Singles awareness day (valentine’s day) has been and gone again, so I thought I’d
write about stammering and relationships. Specifically, dating. That awkward bit at the start of a relationship where you’re getting to know each other.
In my intro piece to this site, I mentioned that I’m close to being fluent, but I still always mention it fairly early on. I feel like it’s only fair that they know and understand that stuttering is something I deal with on a day to day basis.
Side note: One of my favourite common enough lines in girls, tinder profiles is “must be fluent in sarcasm” and I get to reply, “I’m not even fluent in English”.
Due to my level of fluency, I don’t think it’s ever been an issue, and I think it’s me projecting my own issues with stammering on to them but that’s for another post…. What I actually want to talk about is the most frequent comment I get on a first date after I stammer for the first time, it’s always the same…
“it’s alright, I think it’s cute”
Cute? CUTE? I’ve had a dark moment in my life due to my stuttering, its causes me daily anxiety when I speak up, it has caused so much trouble and you think it’s CUTE?
But these people haven’t had the same experiences that we have. They don’t think about what we went through in school, how we weigh up if our point is worth contributing based on if I think I’m going to stutter. That look of encouragement and pity all mixed into one that everyone gives us while we’ve been halfway through a word for too long. The one you’re giving me right now over an overpriced cocktail.

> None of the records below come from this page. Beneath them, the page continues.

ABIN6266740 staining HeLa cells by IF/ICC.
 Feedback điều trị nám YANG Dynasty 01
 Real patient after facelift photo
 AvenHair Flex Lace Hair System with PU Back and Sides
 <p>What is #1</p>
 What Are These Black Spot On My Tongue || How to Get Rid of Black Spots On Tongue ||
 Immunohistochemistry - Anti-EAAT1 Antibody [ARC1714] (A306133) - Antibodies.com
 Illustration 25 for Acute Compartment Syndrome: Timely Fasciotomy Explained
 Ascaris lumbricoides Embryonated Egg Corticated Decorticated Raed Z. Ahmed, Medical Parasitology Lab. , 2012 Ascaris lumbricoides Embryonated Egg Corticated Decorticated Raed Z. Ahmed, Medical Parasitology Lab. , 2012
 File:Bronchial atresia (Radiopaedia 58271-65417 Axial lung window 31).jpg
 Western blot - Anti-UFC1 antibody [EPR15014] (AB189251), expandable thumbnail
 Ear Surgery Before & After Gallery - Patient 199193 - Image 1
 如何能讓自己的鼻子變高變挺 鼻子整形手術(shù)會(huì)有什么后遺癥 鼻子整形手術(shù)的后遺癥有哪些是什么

Other than for incredibly empathetic people, it must have been hard to imagine everything we’ve gone through. It’s only through honesty, communication and time that we can show partners everything else around stuttering and what it means to us.
But what are they thinking? How is it perceived? If you watch the TV show First Dates, you may have seen Paul who has a stammer. He had 2 first dates on the show and one of them, Kathryn, put an outside perspective fairly eloquently, “it’s like having an accent”
It’s something that hadn’t occurred to me until I read it. Stuttering, to me, is so much more than not being able to get words out. It’s anxiety, second-guessing myself and on some days, it’s debilitating. And it’s something that we’re just expected to be able to get on with and be okay with. Which I’m just getting to that point, after years of practice and self-care.
But that is my perspective, and occasionally I forget to look broader, at outside perspectives that would help me keep me grounded.